Stored items
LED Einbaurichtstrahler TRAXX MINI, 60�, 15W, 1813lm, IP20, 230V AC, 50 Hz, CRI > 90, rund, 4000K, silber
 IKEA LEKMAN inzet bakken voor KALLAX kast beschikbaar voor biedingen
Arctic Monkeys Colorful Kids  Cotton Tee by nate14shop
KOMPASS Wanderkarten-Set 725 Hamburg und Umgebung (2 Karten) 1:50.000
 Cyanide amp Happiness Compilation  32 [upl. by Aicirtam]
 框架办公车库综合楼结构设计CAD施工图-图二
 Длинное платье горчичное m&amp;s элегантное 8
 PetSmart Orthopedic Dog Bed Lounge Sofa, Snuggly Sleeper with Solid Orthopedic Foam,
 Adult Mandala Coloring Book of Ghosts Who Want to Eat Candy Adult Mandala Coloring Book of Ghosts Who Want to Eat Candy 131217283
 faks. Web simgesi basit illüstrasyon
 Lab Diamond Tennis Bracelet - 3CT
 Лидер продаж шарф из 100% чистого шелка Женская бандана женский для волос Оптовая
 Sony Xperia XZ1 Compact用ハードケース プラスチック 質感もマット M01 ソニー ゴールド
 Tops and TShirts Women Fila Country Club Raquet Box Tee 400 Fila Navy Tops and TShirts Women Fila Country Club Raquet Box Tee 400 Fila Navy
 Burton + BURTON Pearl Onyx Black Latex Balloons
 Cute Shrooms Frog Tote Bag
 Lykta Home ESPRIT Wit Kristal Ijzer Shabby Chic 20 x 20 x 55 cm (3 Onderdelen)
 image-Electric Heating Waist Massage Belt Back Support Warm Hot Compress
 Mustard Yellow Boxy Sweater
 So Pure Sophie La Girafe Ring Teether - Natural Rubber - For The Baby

#### Work instructions
Nothing but the lines from the one with "Burton + BURTON" through the final line of the records may appear in the answer, and each must be transcribed exactly.

#### Result
 Burton + BURTON Pearl Onyx Black Latex Balloons
 Cute Shrooms Frog Tote Bag
 Lykta Home ESPRIT Wit Kristal Ijzer Shabby Chic 20 x 20 x 55 cm (3 Onderdelen)
 image-Electric Heating Waist Massage Belt Back Support Warm Hot Compress
 Mustard Yellow Boxy Sweater
 So Pure Sophie La Girafe Ring Teether - Natural Rubber - For The Baby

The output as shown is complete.